I like your name! That's a good omen for a start - shows you have the right attitude!

As you've probably seen above, I added omega 7 to my diet (in the form of sea buckthorn oil capsules) about a year ago. It does seem to have made a very small improvement to my dry eyes - which weren't all that bad anyway - but the biggest improvement has been in the painful tendinitis in my arms I've been suffering from for the past year or so. However, you've probably also seen my caveat that we eat very little omega 7 oils in our diet, so we may not have the wherewithal to metabolise it. This is why I only take it for three months on, three off. I suspect that if it was going to cause damage this would show up first in the liver. However, I have to say that a blood test earlier this year, at the end of a three-month period on the oil, actually showed better liver enzyme results than I've had for years!

I've also taken cod liver oil capsules every day for 35 years now, as well as eating oily fish a couple of times a week and a fair amount of full-fat dairy. No idea whether this has helped but I wouldn't risk stopping or reducing it now.

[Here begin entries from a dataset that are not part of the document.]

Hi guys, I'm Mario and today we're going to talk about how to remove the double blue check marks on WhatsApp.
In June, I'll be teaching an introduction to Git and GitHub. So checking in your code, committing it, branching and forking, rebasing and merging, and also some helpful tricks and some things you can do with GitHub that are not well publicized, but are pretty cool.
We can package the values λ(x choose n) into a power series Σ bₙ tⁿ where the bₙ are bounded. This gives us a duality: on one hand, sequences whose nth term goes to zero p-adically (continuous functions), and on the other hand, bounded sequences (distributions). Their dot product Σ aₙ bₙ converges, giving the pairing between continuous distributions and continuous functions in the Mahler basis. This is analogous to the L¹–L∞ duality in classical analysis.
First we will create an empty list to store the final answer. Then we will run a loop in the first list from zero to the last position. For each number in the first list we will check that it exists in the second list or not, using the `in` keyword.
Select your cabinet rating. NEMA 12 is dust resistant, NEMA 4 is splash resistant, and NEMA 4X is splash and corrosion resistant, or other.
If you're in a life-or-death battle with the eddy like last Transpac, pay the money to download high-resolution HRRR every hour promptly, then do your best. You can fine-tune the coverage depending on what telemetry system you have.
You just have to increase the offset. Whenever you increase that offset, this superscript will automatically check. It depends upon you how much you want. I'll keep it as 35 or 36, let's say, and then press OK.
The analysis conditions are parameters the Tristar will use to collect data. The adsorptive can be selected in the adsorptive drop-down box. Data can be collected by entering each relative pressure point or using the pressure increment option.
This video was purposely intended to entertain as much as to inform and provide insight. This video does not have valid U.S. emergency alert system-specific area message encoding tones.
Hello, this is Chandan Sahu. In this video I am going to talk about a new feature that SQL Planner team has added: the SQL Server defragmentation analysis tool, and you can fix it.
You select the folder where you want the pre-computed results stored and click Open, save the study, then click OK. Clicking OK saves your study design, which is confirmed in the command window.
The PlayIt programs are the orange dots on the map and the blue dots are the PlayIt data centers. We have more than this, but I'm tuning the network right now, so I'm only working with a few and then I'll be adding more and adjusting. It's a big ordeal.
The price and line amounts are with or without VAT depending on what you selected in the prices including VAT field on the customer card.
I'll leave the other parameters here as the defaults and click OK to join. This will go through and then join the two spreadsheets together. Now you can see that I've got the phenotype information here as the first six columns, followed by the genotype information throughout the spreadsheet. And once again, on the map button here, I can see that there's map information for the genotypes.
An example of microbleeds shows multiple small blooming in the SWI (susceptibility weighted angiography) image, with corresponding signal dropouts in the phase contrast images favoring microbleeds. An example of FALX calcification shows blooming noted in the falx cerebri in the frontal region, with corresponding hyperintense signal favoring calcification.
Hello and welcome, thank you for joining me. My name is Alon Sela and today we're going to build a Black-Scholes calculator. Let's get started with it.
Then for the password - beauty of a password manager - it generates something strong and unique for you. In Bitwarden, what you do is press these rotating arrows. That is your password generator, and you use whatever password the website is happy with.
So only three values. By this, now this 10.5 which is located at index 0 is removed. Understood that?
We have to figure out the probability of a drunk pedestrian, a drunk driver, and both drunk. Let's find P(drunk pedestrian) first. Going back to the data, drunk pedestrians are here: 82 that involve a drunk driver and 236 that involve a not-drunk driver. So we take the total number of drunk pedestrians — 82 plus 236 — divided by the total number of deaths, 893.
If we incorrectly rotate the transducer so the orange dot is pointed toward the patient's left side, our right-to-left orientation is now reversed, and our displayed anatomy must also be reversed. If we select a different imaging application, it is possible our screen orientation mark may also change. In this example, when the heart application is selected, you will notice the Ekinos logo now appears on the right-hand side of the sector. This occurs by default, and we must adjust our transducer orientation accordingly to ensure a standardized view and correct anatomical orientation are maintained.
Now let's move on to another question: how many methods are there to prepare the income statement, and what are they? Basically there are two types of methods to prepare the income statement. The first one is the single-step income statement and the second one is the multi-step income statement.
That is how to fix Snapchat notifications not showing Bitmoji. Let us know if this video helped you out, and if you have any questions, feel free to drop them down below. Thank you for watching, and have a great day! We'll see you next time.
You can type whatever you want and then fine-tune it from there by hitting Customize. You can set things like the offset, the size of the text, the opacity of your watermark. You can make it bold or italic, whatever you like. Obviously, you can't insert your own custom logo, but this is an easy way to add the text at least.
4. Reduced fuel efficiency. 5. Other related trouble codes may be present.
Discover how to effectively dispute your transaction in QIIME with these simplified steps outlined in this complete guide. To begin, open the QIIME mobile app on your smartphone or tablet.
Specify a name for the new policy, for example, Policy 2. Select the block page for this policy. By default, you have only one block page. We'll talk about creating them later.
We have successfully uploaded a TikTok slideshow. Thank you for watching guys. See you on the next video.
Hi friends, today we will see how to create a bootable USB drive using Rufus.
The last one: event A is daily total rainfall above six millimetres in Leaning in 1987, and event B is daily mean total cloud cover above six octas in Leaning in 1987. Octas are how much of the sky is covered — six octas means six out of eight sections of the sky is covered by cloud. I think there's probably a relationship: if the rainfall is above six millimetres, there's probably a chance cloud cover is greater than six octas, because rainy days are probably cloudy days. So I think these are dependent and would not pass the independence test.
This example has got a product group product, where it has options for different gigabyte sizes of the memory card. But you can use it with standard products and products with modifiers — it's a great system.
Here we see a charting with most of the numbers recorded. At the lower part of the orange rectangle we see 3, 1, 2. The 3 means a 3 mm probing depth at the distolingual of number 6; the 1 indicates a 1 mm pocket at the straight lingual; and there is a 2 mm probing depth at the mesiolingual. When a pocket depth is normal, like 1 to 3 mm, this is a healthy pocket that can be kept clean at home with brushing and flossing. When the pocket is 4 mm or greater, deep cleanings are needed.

I think Sjogren's is like any other chronic condition, in that once you get used to it you learn to listen to your body, which will guide you towards the foods you should be eating, and away from the ones to avoid.

As regards the scary stuff, don't forget that posters on forums dealing with any medical condition tend to be a self-selecting group. By that I mean that forums are bound to attract people who have the severest form of the disease. I'm actually one of the exceptions on this particular forum, as I'm not too badly affected, but most people with my level of symptoms probably wouldn't even bother to go on a forum. This can give the impression that almost everyone with Sjogren's is very badly affected, which really isn't the case. The foregoing is in no way a criticism of, or lack of sympathy for, those who are suffering badly. But bear in mind that the posters on here are mainly from the most severe tip of the iceberg.